Remember, the goal of The Department of Child Support Services is not to punish you. Their job is to look out for the welfare of your children. If you lose your job, you cannot make your payments, or your circumstances change in any way, the first thing you should do is talk to DCSS. If you keep them informed of what is going on, they may be willing to work with you.
File for a Modification of Your Child Support Order
The court can modify the monthly payment of your child support order if there has been a change in circumstances. For example, if you lose your job and can no longer afford your monthly payment, the court can review your situation and amend its order accordingly, but only if you ask for a modification. Your local Family Court Services office should be able to assist you in filling out the paperwork.

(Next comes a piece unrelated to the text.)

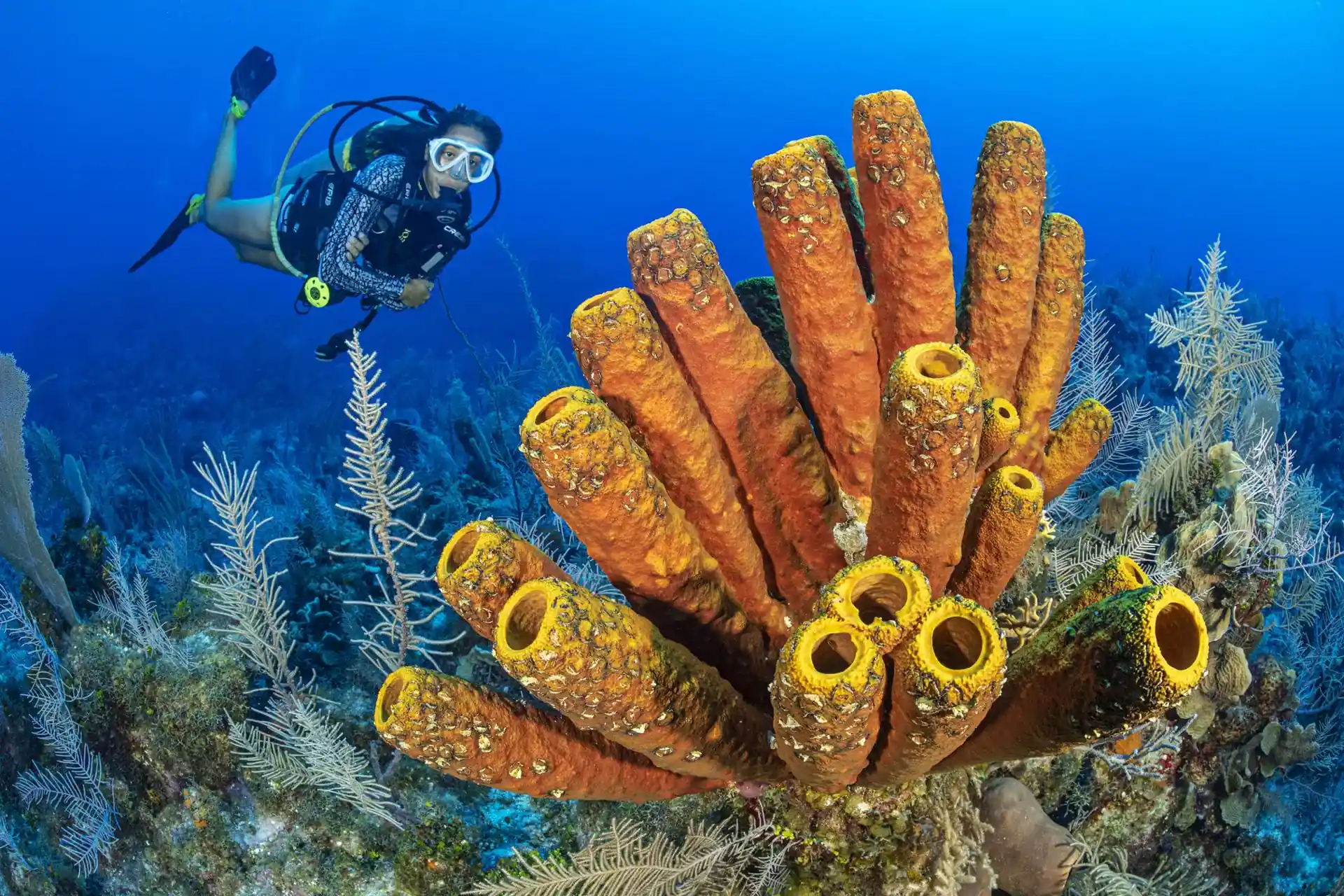 Dive site photo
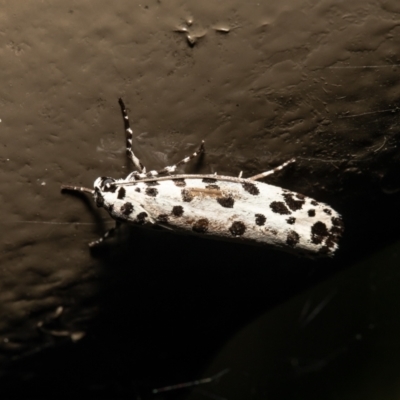 Ethmia clytodoxa (An Ethmiid moth family: (Ethmiidae)) at Acton, ACT - 14 Mar 2021 by Roger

Keep a Journal of your Job Searches
While the court recognizes that being unemployed makes it difficult, if not impossible to pay child support, it also recognizes that losing your job does not excuse you from taking financial responsibility for your children. This is why the court will often order a parent to "seek work" if they are unemployed. If you have a "seek work" order, or you lose your job, you should keep a detailed journal of your job searches. Take note of the places where you apply, the date, the person you spoke with, how you applied (i.e. did you fill out an application, send a resume, call the manager, etc.), and what the response was. The journal can be used as evidence to show that you are trying to obey the court's order, and that your failure to pay is not willful. Not only can this help avoid facing charges, but it can also aid in your defense if you are charged.
Seek the Advice of an Attorney
If you find yourself facing contempt charges for failure to pay court ordered child support, you should seek the advice of an attorney. An attorney can help you understand the charges against you, the possible repercussions under the law, help negotiate a possible settlement agreement, and can serve as your advocate in court. Court appointed attorneys are available for child support contempt matters.